See Inf Officer, the troops always find things wrong with you!

I think this poinit is understood by our new member, try not to state the obvious.

As well, "OCdt Name Withdrawn by Moderator you may want to remove your name from the forum, since it is a wise choice to remain anonymous when discussing work related topics with those you may work with.


----------



## Pikache (9 Dec 2005)

Tracker 23A said:
			
		

> As well, "OCdt  Name Withdrawn by Moderator  you may want to remove your name from the forum, since it is a wise choice to remain anonymous when discussing work related topics with those you may work with.


Well, identities get found out pretty soon, once someone suss out that you're in his unit or whatnot.

But a word of caution when... gossiping about other members as it will backfire on you eventually.


----------



## 043 (9 Dec 2005)

Question too all posters:

If the title is Platoon Commander or Troop Commander..........do they really run the platoon or troop???

I would say no, the Platoon 2IC or Tp WO does!!!! Offr's command, NCO's lead. With the way Offr's come through every year and the way the NCO's stay around for years, show me a Tp or Platoon the an Offr runs.
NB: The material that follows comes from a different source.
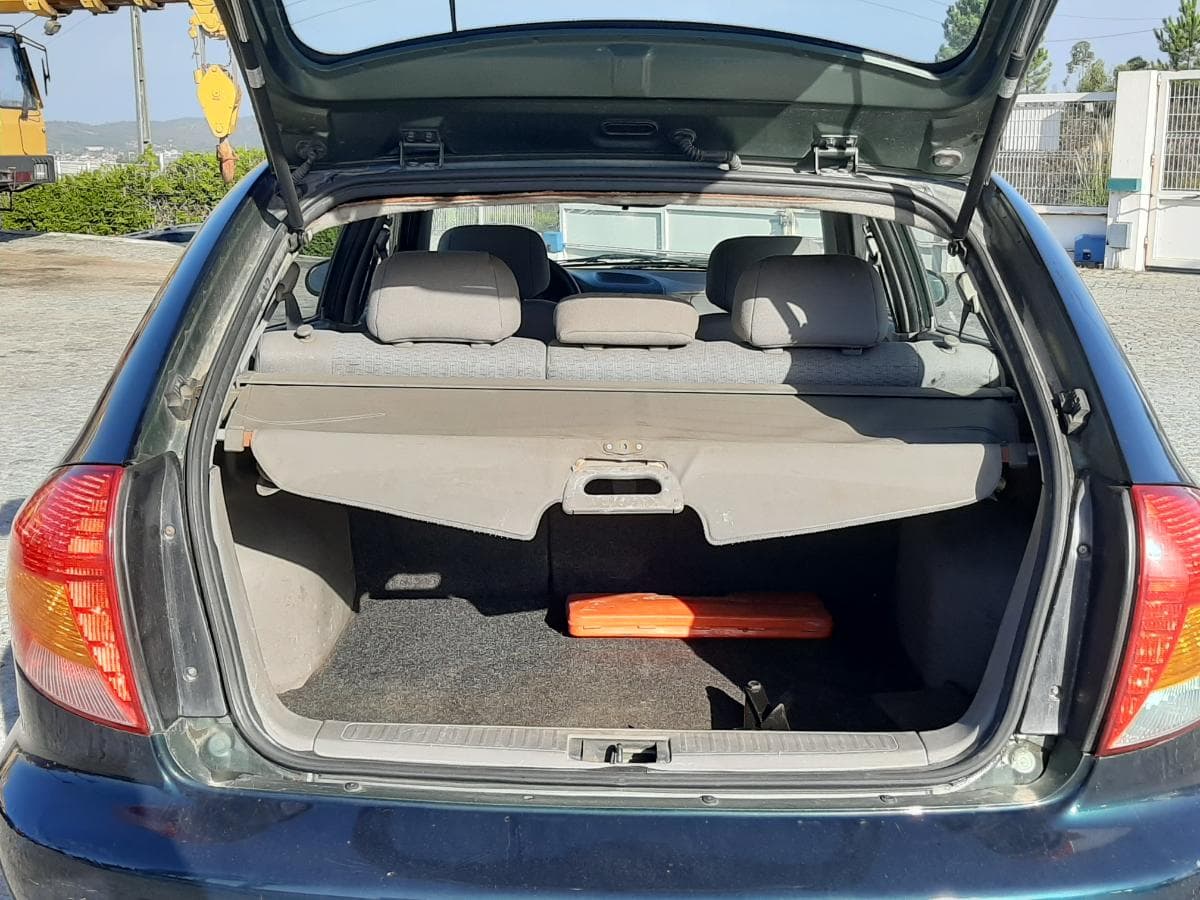 Kia Rio 1.3 · Ano 2001 — imagem 7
This is not a slag as it is a fact of life.

Anyone's thoughts?


----------



## Tracker 23A (9 Dec 2005)

HighlandFusilier said:
			
		

> Well, identities get found out pretty soon, once someone suss out that you're in his unit or whatnot.
> 
> But a word of caution when... gossiping about other members as it will backfire on you eventually.



You may be correct, however most get found out because those that do, make it so.


----------



## PPCLI Guy (10 Dec 2005)

Not surprisingly, the comon theme is that of listening to your NCOs.  
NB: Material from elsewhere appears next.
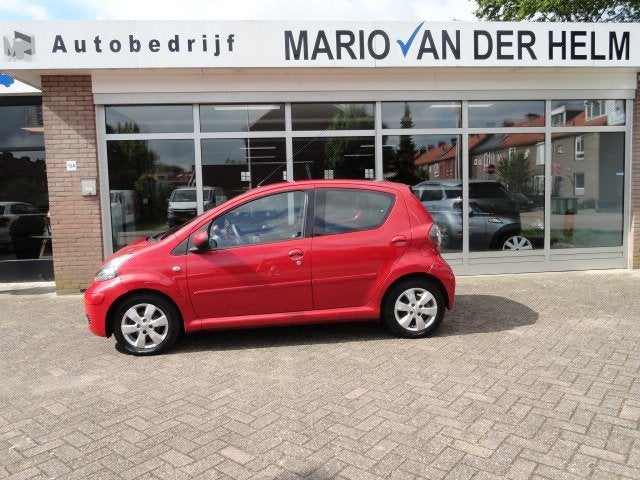 Toyota Aygo 1.0-12V Aspiration Red Navigator Airco, Voorwielaandrijving, Euro 5, Stof, Gebruikt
I would add another bit of advice:  know yourself - be yourself - and show yourself.  

My experience (including that a troop a long time ago in the Mo) is that troops would generally rather follow the man (or woman) than just the rank. In order to do that, you must know yourself, be yourself, and most importantly show yourself.  That of course covers both your strengths and your weaknesses.

Dave


----------



## hoote (11 Dec 2005)

This is all great advice.  Certainly a common theme has emerged.  I am starting BOTC to become an Inf Officer as well.   I really look forward to it and want to do be the best.  Not to boost my ego but to be able to influence the men of the platoon in the best possible way.  
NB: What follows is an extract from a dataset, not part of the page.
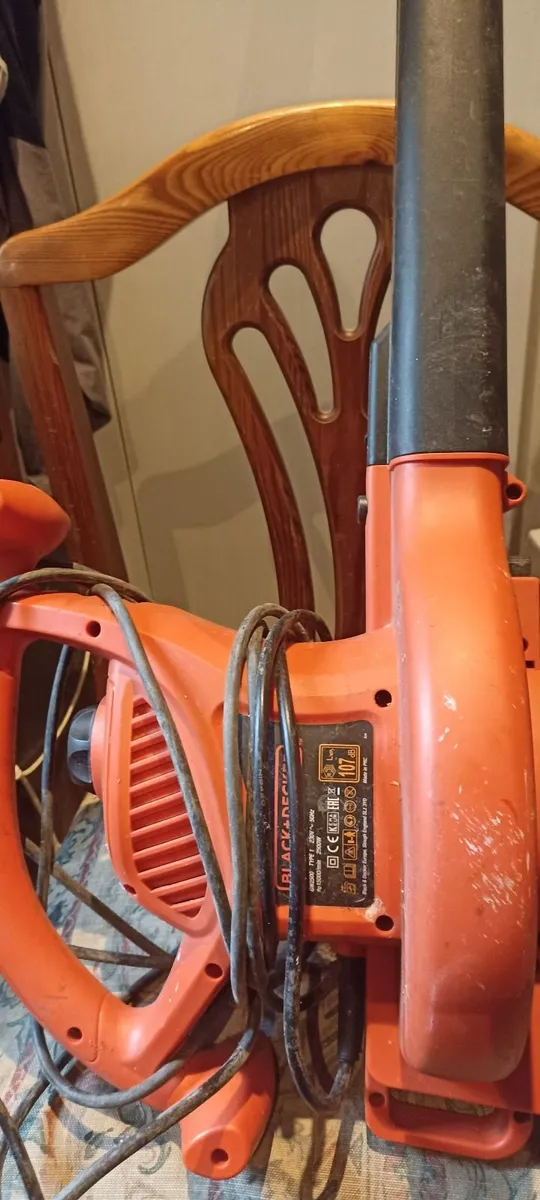 Black & Decker Leaf Blower - Image 1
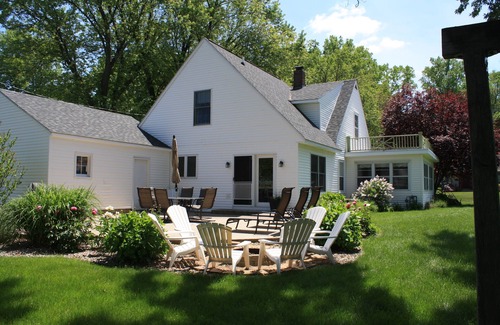 South Haven House | Family-Friendly South Haven Lake House with Ocean Views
I hate to admit it but there are times when I am indecisive.  I want to do what's best and therefore waffle on what I should do while I weigh the pros and cons.  I even go back on what I said and change my mind and do something else.  Are there any tips on how one might overcome an indecisive nature?


----------



## GO!!! (11 Dec 2005)

On an indecisive nature;

*ANY* decision is better than no decision at all.

If it is a bad, or wrong decision, you will learn from it, and not make it again.

If it is the right decision, you will know it, and make similar (good) decisions in the future.

Waffling achieves neither of these, so plunge in - it is better that you make the mistakes now than when lives are on the line.


----------



## COBRA-6 (11 Dec 2005)

+1 on what GO!!! said.

Try not to overanylize things, a good plan now is better than a perfect plan later. Make a decision and go with it. 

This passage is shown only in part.